TL;DR: Building a log analysis tool, ingestion takes two evenings. Deciding what counts as an incident takes weeks. This post walks through three rules — a fingerprint, a threshold, and a reopen window — and the trade-offs each one forces.
In this post:
- What makes two logs the same incident?
- How many occurrences make an incident?
- When is an incident closed?
- Where the rules stop
- Why detection is the hard part
When you're asked to build a log analysis tool, your first instinct is to build the ingestion path.
You add a database table. You wire up a controller. You hit the endpoint with Postman or Curl, see the row appear in Postgres, and feel like you've made progress.
Two evenings of work, and ingestion feels done.
I know this because that's what I did when I started TraceRoot.
Two evenings on ingestion. The next three weeks went into the part I hadn't planned for.
Logs are events. Incidents are stateful objects with lifecycles. Going from a stream of POST /logs calls to something that becomes a useful incident is the work that doesn't get written about.

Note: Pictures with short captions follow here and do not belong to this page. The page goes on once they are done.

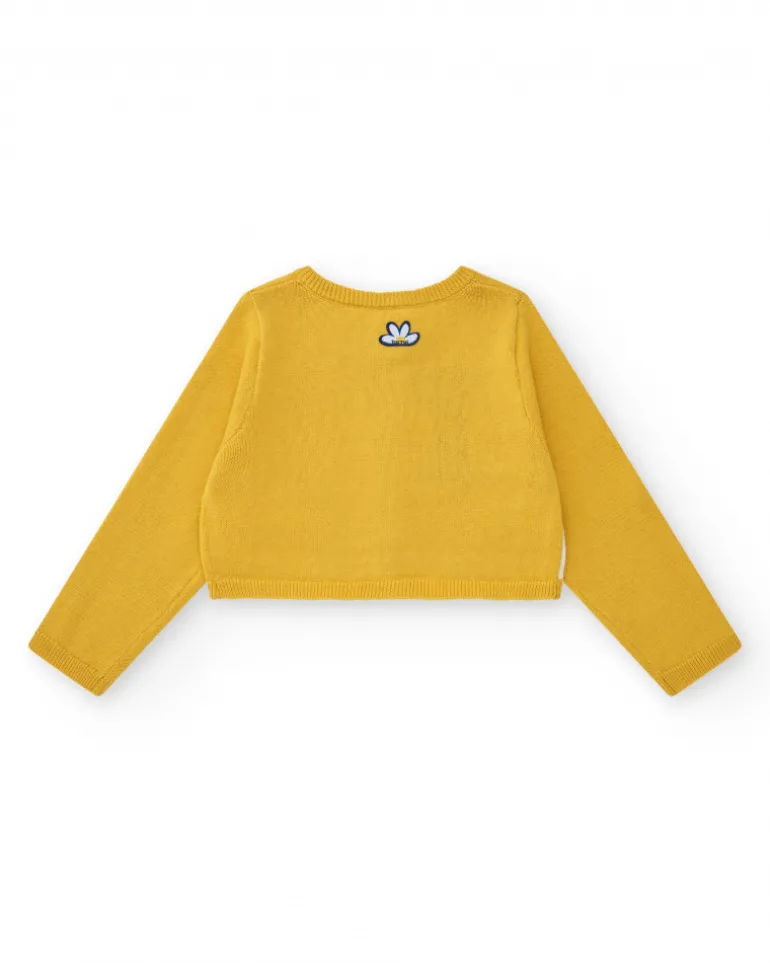 Veste jaune pour fille avec imprimé floral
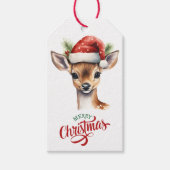 Schattigee Santa Hat Deer Fawn Christmas Cadeaulabel (Voorkant)
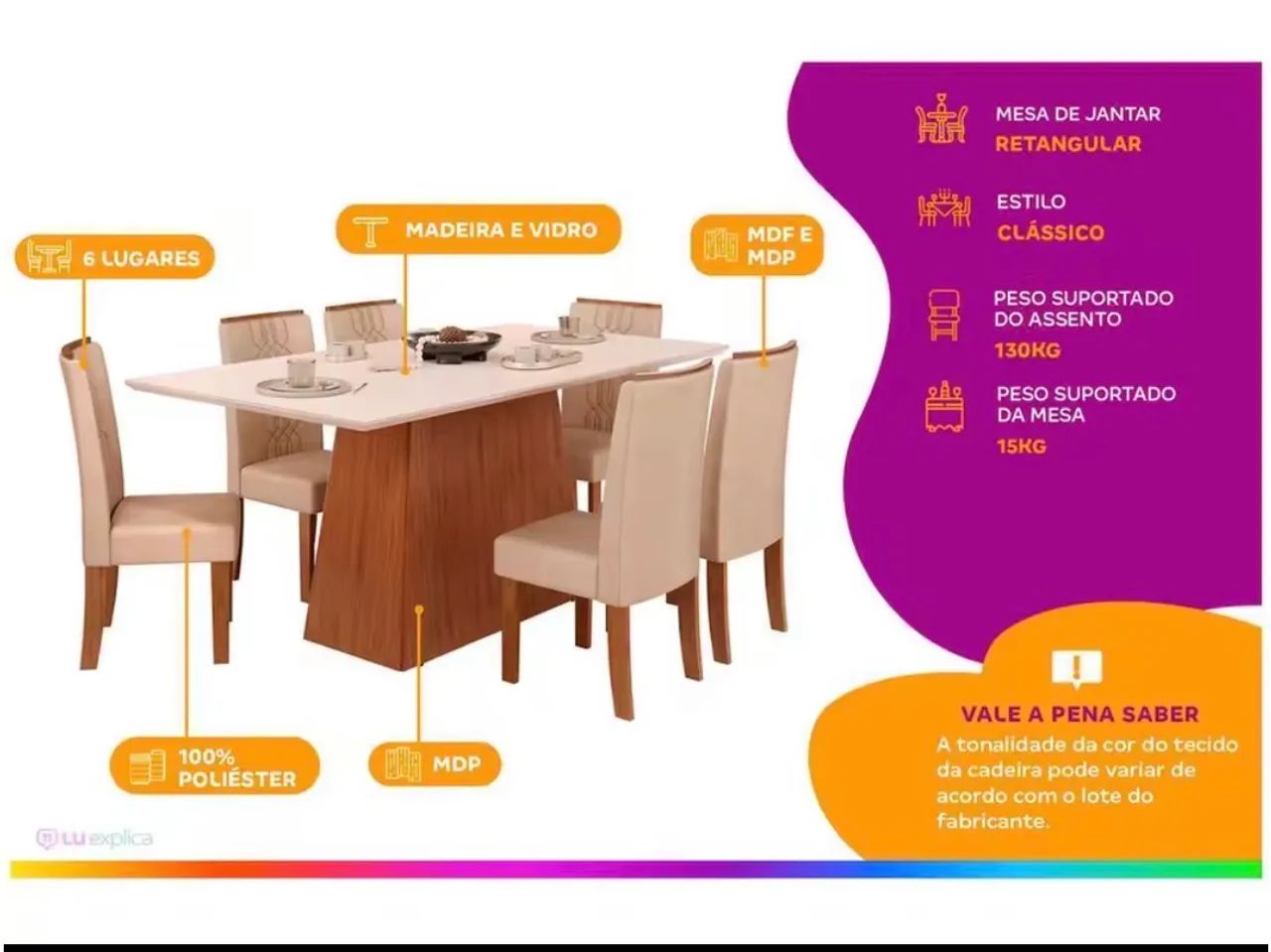 Mesa jantar 6 cadeiras com tampo de vidro branco lapidado - Foto 3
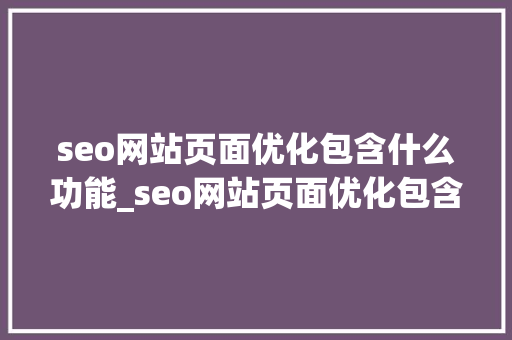 seo网站页面优化包含什么功能_seo网站页面优化包含什么功能呢。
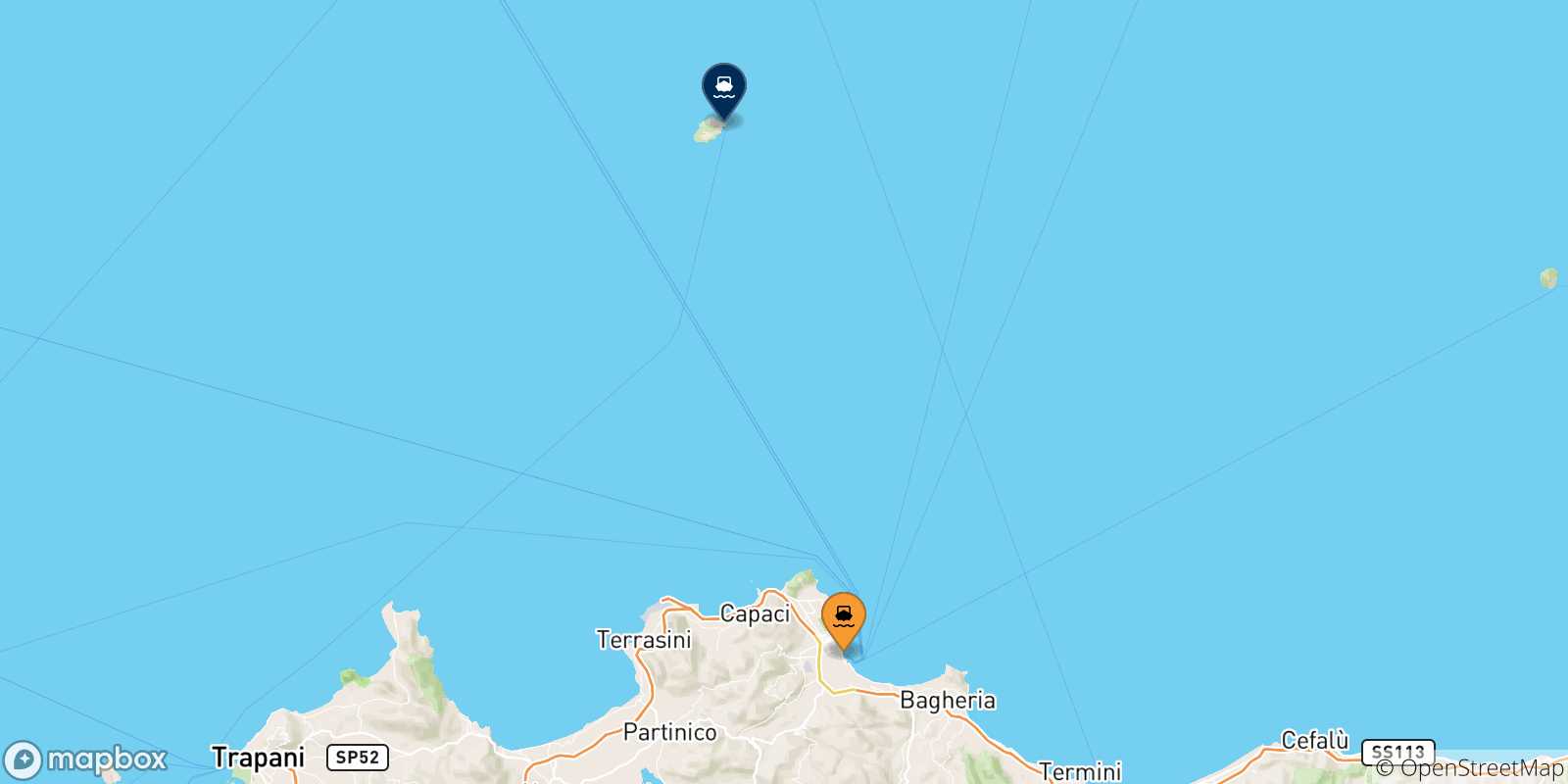 Mapa de las posibles rutas entre Palermo y  La Isla De Ustica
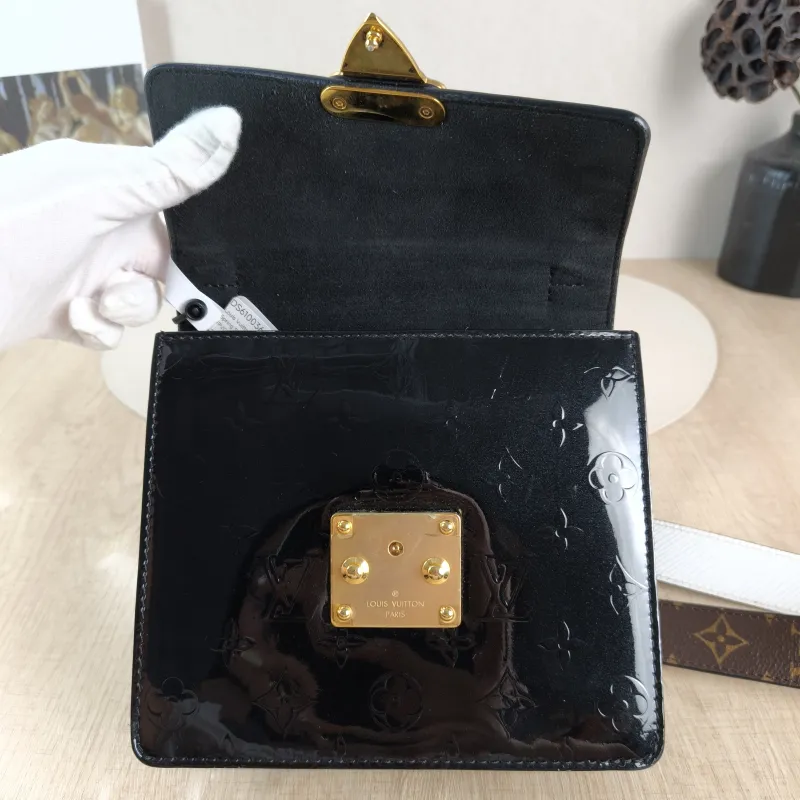 Louis Vuitton Crossbody Bag Spring Street Black Patent Leather · PVC One Size 17 × 8.5 × 16 cm Leather Tag — detail view 3 of 11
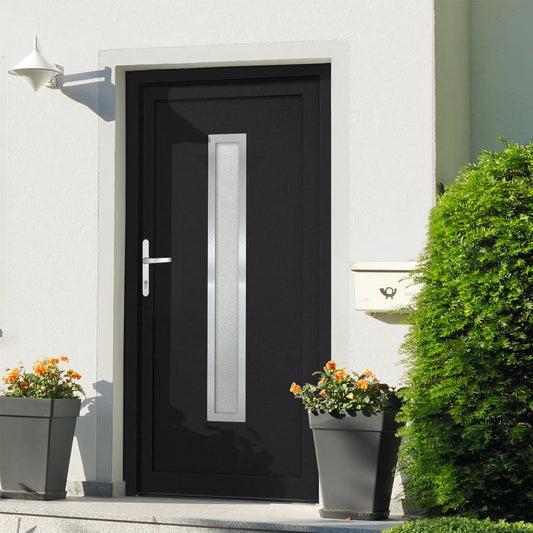 Voordeur 98x190 cm PVC antracietkleurig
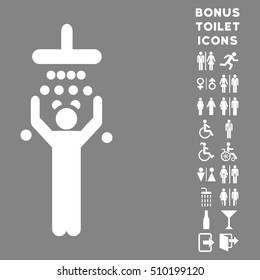 Man under Shower icon and bonus gentleman and lady lavatory symbols. Vector illustration style is flat iconic symbols, white color, gray background.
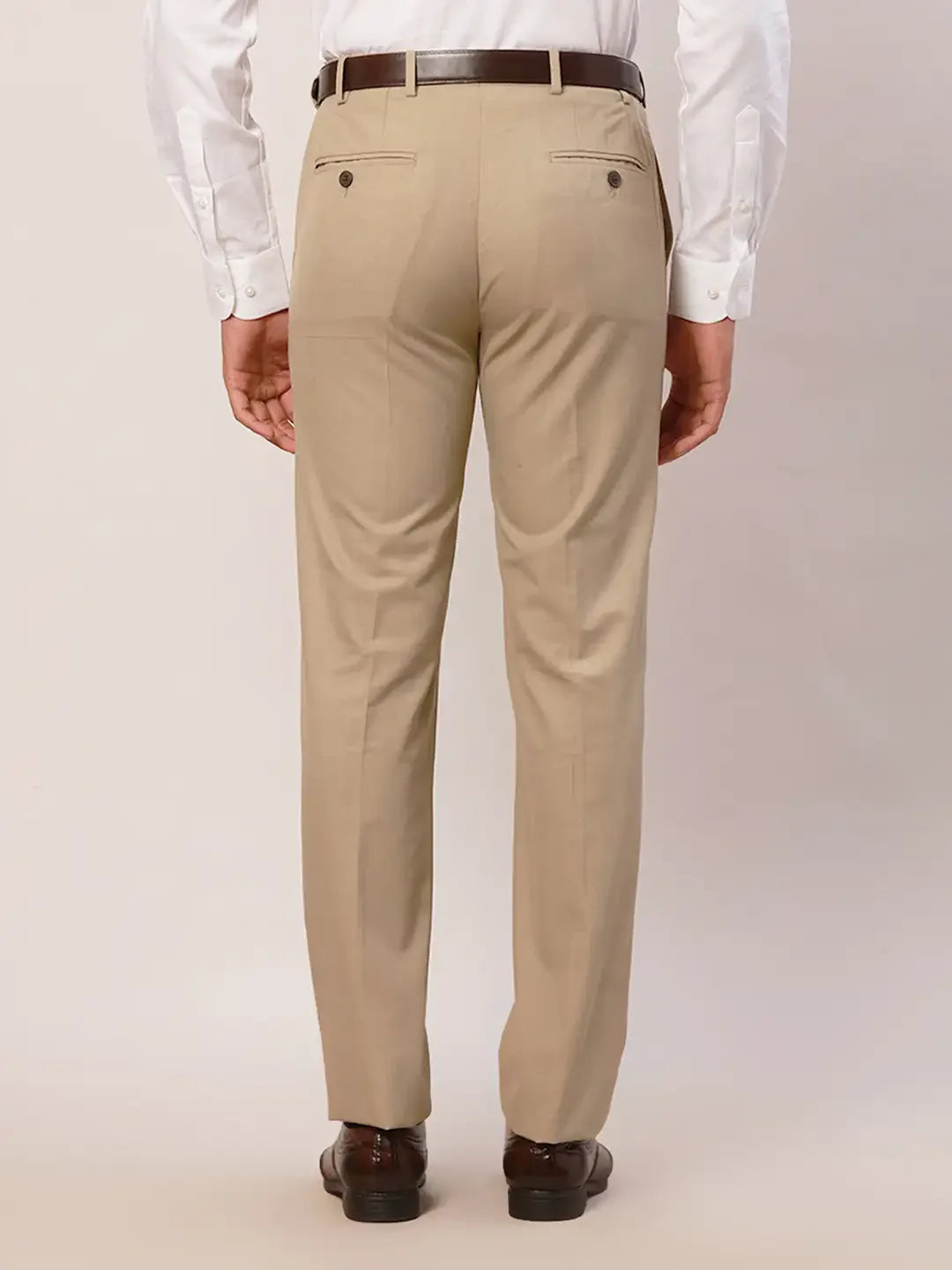 Raymond Men Brown Checks Contemporary Fit Polyester Blend Trouser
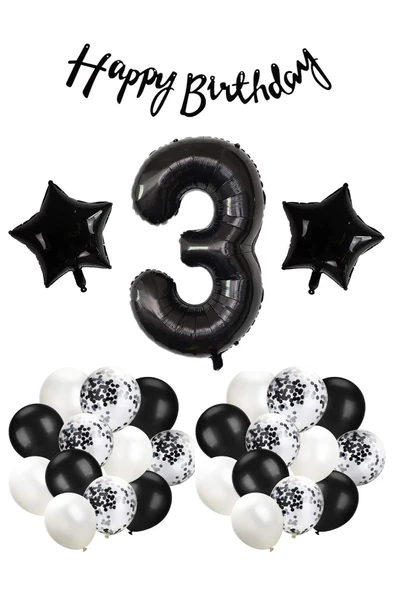 Parti 3 Yaş Siyah Folyo Balon Seti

It's also the work that determines whether your tool produces something engineers want to look at, or just a slow events table with extra steps.
This post walks through the decisions TraceRoot makes about what counts as an incident. None of them are technically hard. All of them are opinions encoded as rules. Each one has a wrong default that systems quietly inherit, and a tradeoff the right choice forces you to accept.
These are mine. They're not the only valid answers.
They're the ones the system enforces.
What makes two logs the same incident?
Once logs are flowing into Postgres, the next question comes fast: which of these are the same problem?
Two NullPointerException logs from inventory-service are obviously related.
But what about a NullPointerException and a TimeoutException from the same endpoint? Same underlying bug or different ones?
What about the same exception type from two different services? What about logs that share a trace ID but happen ten seconds apart?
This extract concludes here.